Cut the payroll tax and raise the gas tax

Charles Krauthammer has an important piece in the Weekly Standard joining those calling for an increase in the gas tax in the US compensated for by an equivalent reduction in the payroll tax. Here’s what he is proposing:

“A net-zero gas tax. Not a freestanding gas tax but a swap that couples the tax with an equal payroll tax reduction. A two-part solution that yields the government no net increase in revenue and, more importantly—that is why this proposal is different from others–immediately renders the average gasoline consumer financially whole.

Here is how it works. The simultaneous enactment of two measures: A $1 increase in the federal gasoline tax–together with an immediate $14 a week reduction of the FICA tax. Indeed, that reduction in payroll tax should go into effect the preceding week, so that the upside of the swap (the cash from the payroll tax rebate) is in hand even before the downside (the tax) kicks in.
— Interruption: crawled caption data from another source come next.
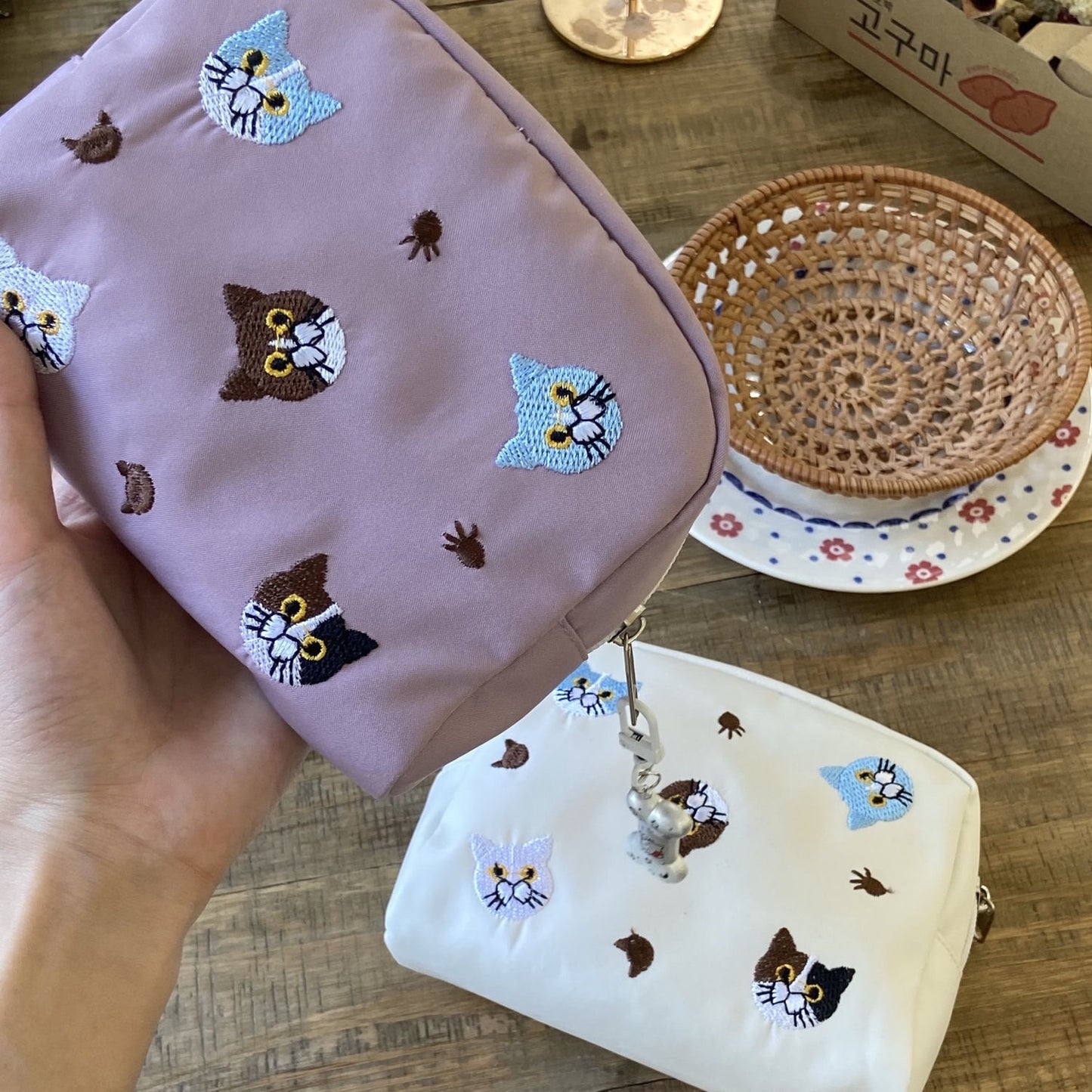 Cute Cat Embroidery Coin Purse Makeup Bag Cute Travel Pouch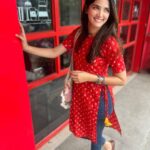 Sayli Patil Instagram - Just another beautiful day 🌹:) . Wearing this beautiful beaaaautif kurti by @jiza_the_label Thank you 🌹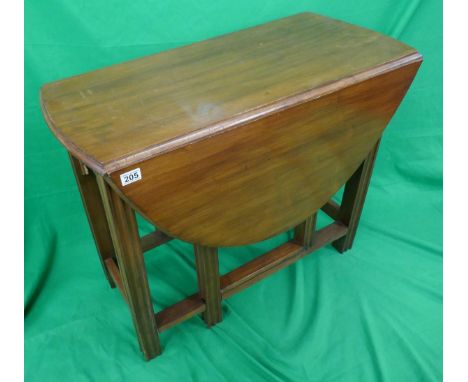 Mahogany gate leg table 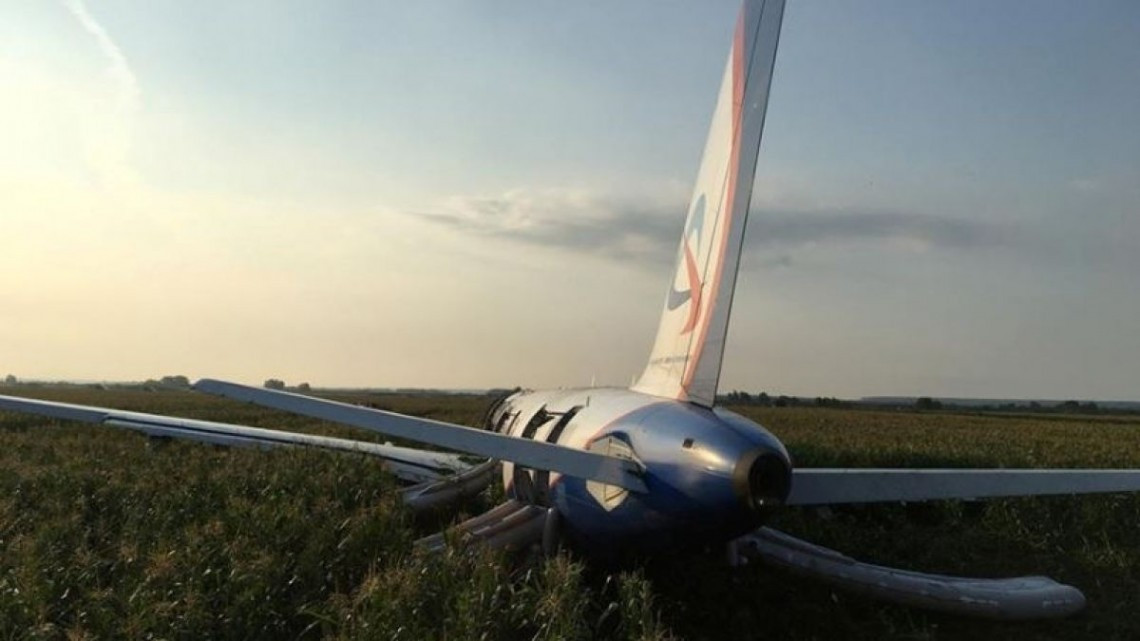 Avión ruso aterriza de emergencia en un campo de maíz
The math is simple. The average American buys roughly 14 gallons of gasoline a week. The $1 gas tax takes $14 out of his pocket. The reduction in payroll tax puts it right back. The average driver comes out even, and the government makes nothing on the transaction. (There are, of course, more drivers than workers–203 million vs. 163 million. The 10 million unemployed would receive the extra $14 in their unemployment insurance checks. And the elderly who drive–there are 30 million licensed drivers over 65–would receive it with their Social Security payments.)”

As Krauthammer notes, increasing the gas tax would lead to a reduction in the use of petrol which would be good on both national security and environmental grounds. Even if this was not the case, it is the kind of measures conservatives should support as it shifts the tax burden from work to waste.